Re: Reserve space for specific thin logical volumes

[Date Prev][Date Next][Thread Prev][Thread Next][Date Index][Thread Index]

 



Zdenek Kabelac schreef op 13-09-2017 21:35:

We are moving here in right direction.

Yes - current thin-provisiong does not let you limit maximum number of
blocks individual thinLV can address (and snapshot is ordinary thinLV)

Every thinLV can address  exactly   LVsize/ChunkSize  blocks at most.

So basically the only options are allocation check with asynchronously derived intel that might be a few seconds late, as a way to execute some standard and general "prioritizing" policy, and an interventionalist policy that will (fs)freeze certain volumes depending on admin knowledge about what needs to happen in his/her particular instance.

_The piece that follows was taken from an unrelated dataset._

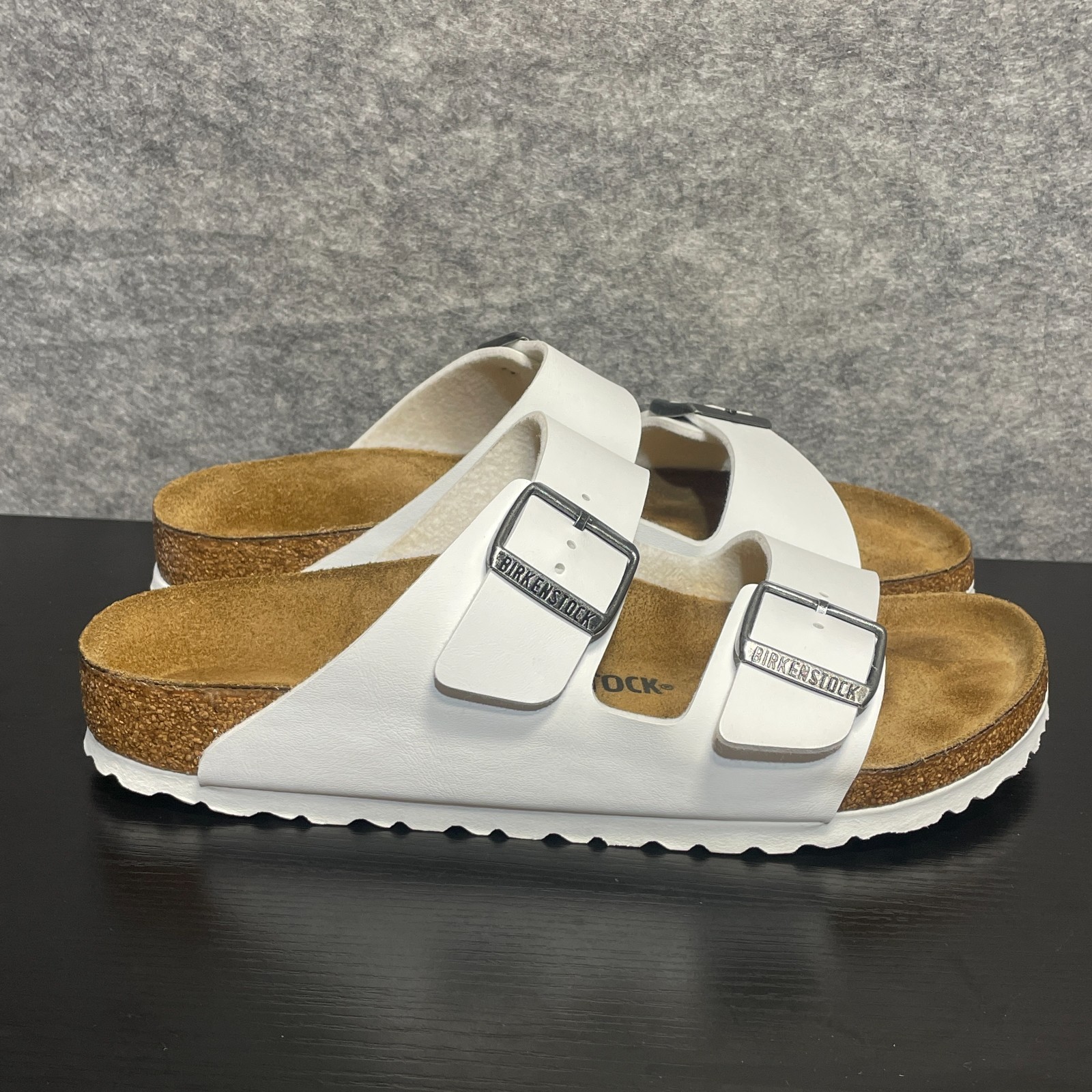 Birkenstock Arizona Birko Flor Sandals Womens EU 40 US 9 Narrow White Footbed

This is part of the problem: you cannot calculate in advance what can happen, because by design, mayhem should not ensue, but what if your predictions are off?

Great - 'prediction' - we getting on the same page -  prediction is
big problem....

Yes I mean my own 'system' I generally of course know how much data is on it and there is no automatic data generation.

Matthew Patton referenced quotas in some email, I didn't know how to do it as quickly when I needed it so I created a loopback mount from a fixed sized container to 'solve' that issue when I did have an unpredictable data source... :p.

But if I do create snapshots (which I do every day) when the root and boot snapshots fill up (they are on regular lvm) they get dropped which is nice, but particularly the big data volume if I really were to move a lot of data around I might need to first get rid of the snapshots or else I don't know what will happen or when.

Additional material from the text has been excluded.